### [PROBLEM TO SOLVE]
Pictures are to be left out. Return exactly the lines below from the one with "Sarah Kendrick Costume Design logo, Sarah" up to and including the one with "VOLVO S60 2012 — imagine 5".

[Items from a data source]
-=-=-=-=-
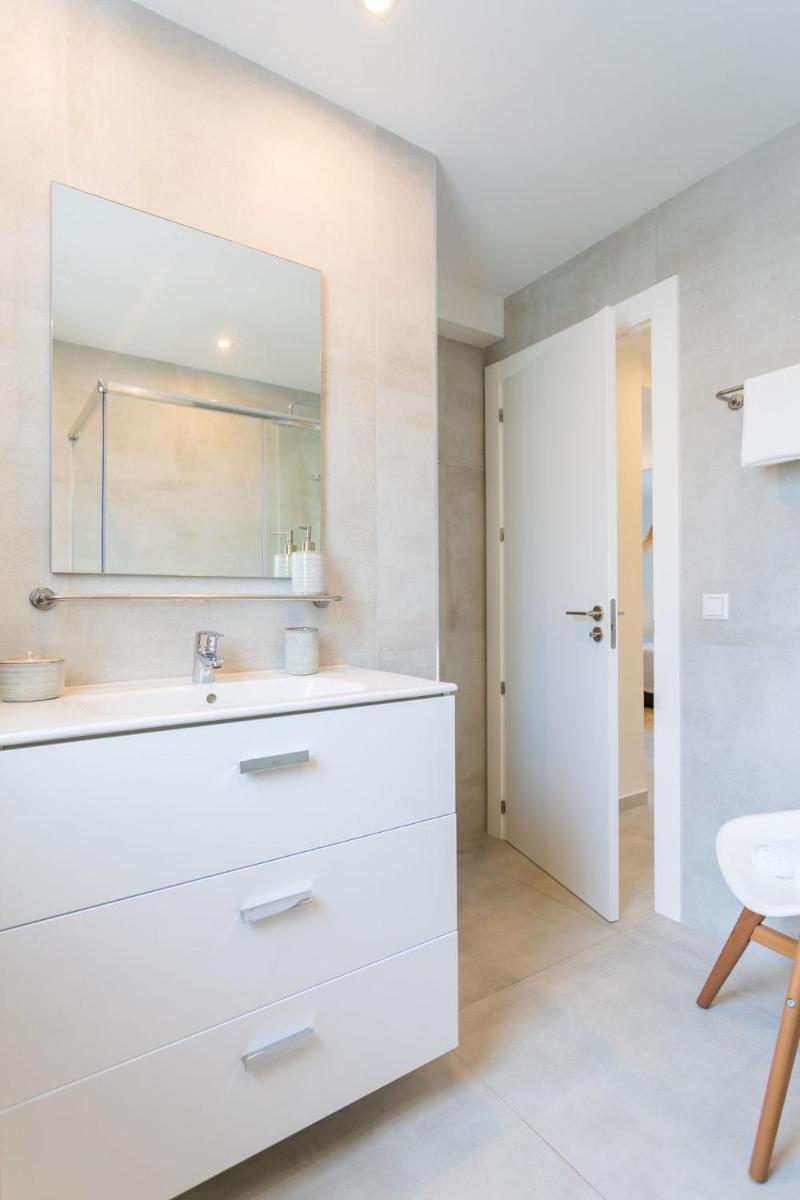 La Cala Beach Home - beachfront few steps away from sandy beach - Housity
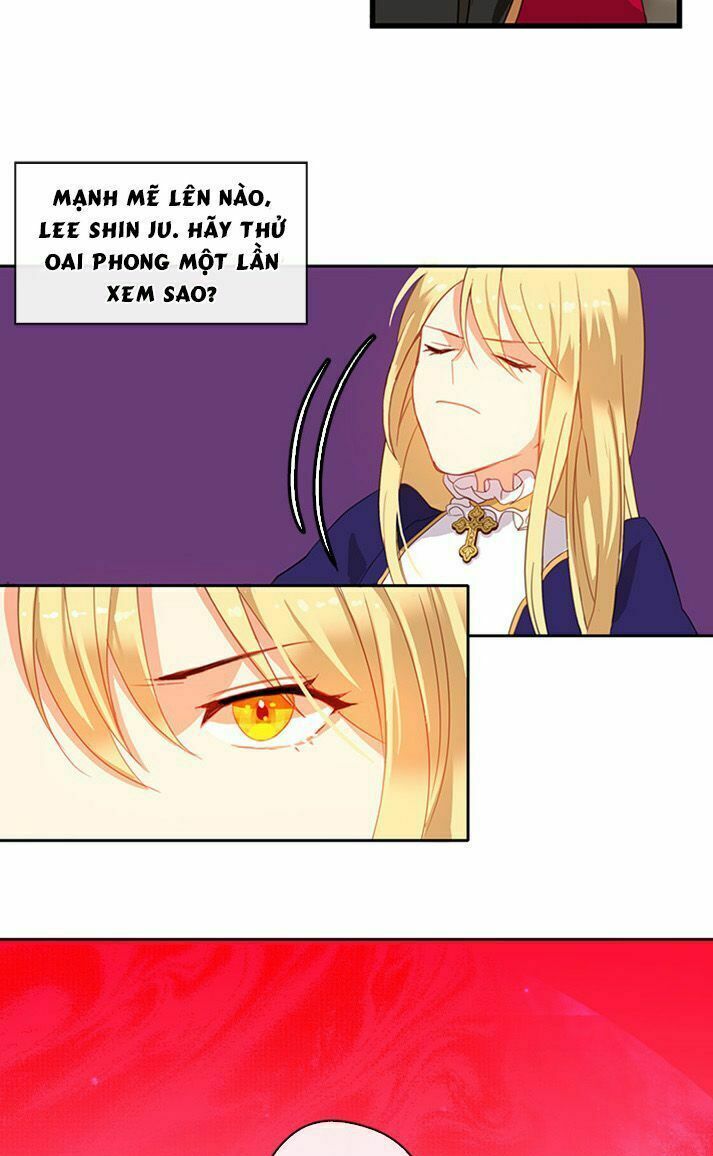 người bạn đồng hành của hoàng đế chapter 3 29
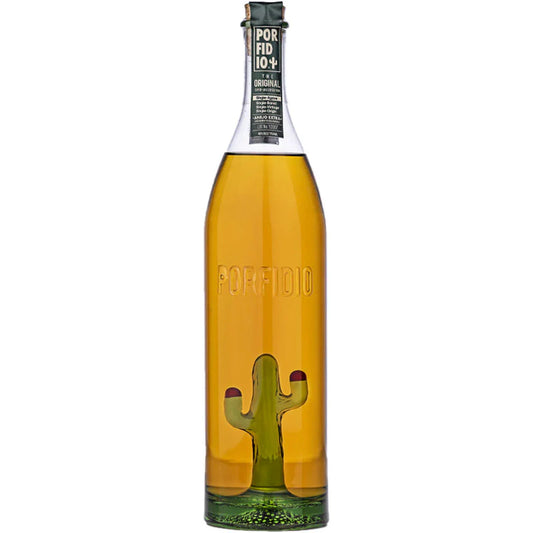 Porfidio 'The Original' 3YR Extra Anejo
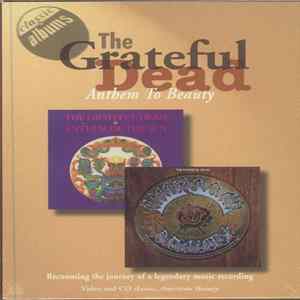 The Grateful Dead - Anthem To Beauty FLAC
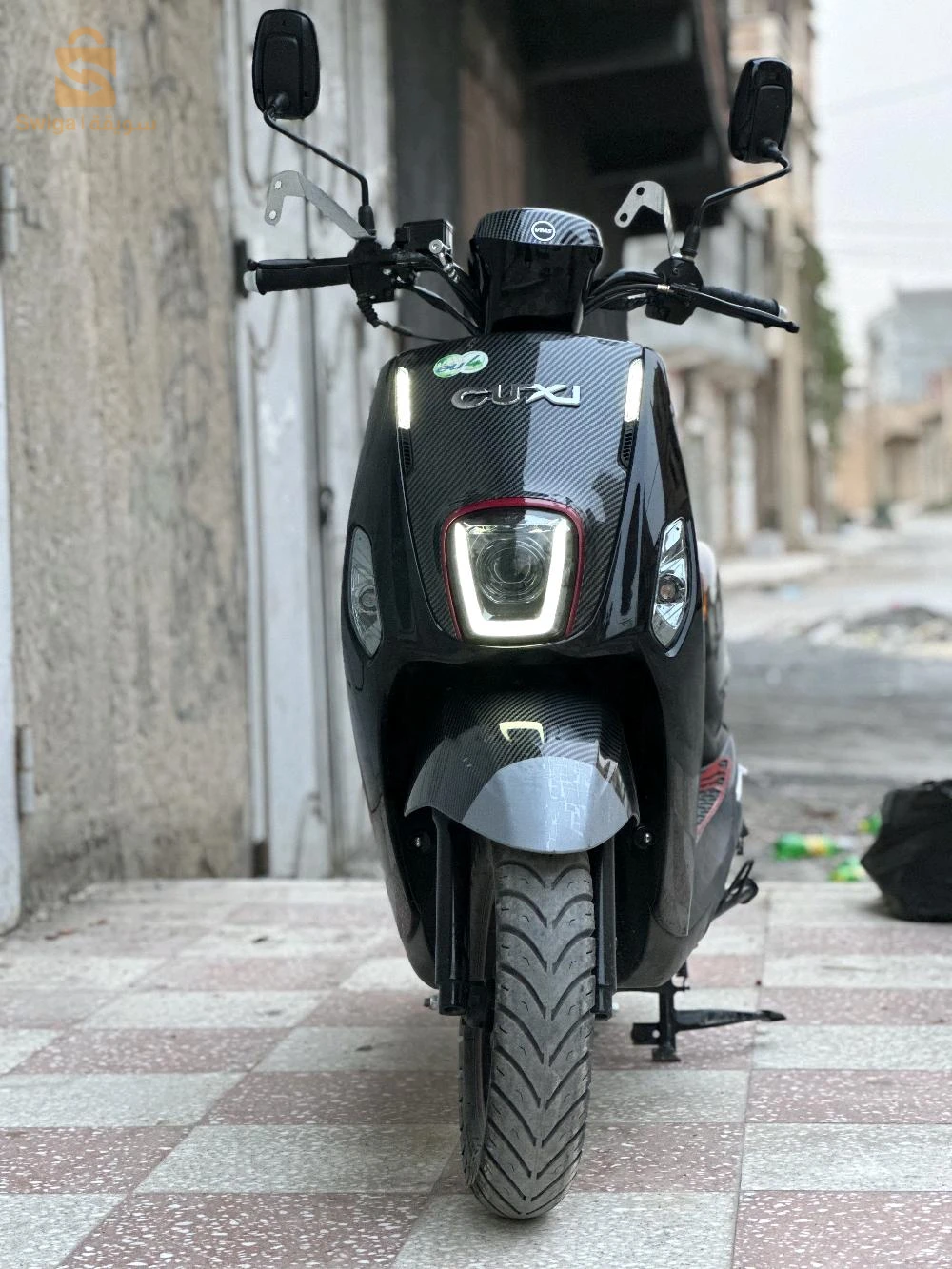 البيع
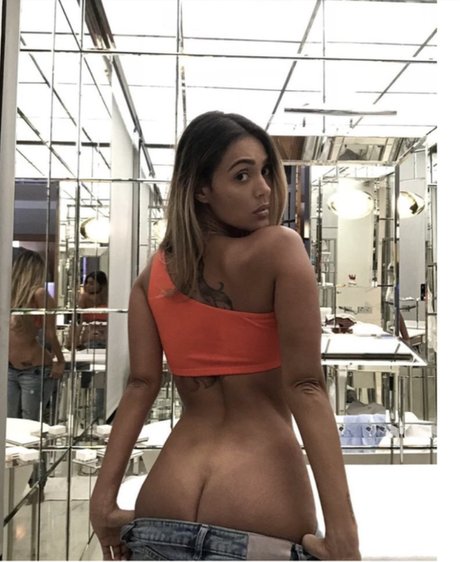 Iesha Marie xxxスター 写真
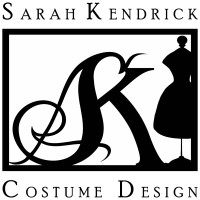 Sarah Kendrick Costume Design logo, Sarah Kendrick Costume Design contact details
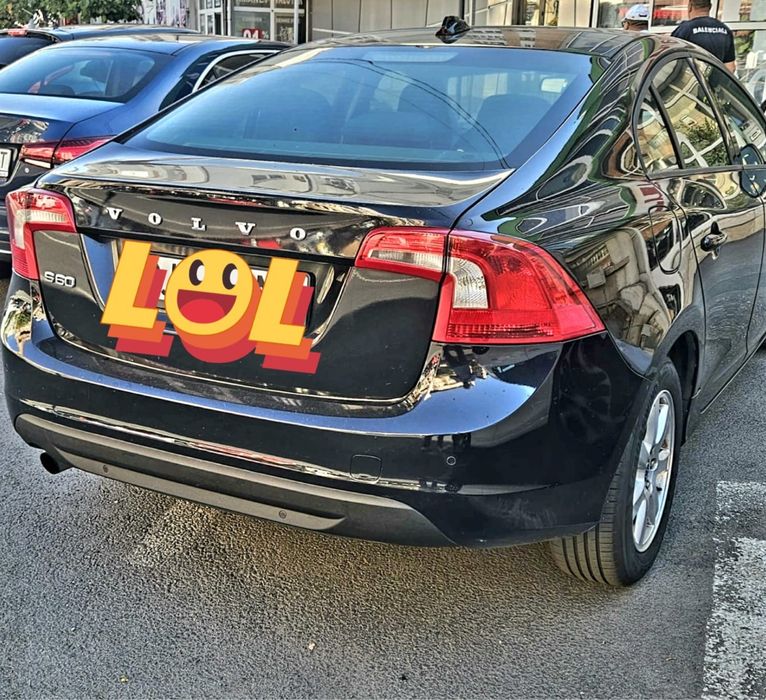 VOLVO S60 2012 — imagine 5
-=-=-=-=-
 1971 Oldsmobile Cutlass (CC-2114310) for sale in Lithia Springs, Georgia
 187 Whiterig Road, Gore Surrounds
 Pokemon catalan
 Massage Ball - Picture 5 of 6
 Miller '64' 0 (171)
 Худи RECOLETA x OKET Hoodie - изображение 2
-=-=-=-=-
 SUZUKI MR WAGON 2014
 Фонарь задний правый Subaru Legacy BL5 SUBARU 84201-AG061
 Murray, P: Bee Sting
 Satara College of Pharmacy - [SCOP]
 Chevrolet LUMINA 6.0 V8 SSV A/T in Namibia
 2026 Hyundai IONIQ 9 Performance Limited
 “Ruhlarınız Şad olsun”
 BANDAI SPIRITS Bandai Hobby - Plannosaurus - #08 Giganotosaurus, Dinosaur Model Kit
-=-=-=-=-
### [SOLUTION FOR THIS TASK]
 Sarah Kendrick Costume Design logo, Sarah Kendrick Costume Design contact details
 VOLVO S60 2012 — imagine 5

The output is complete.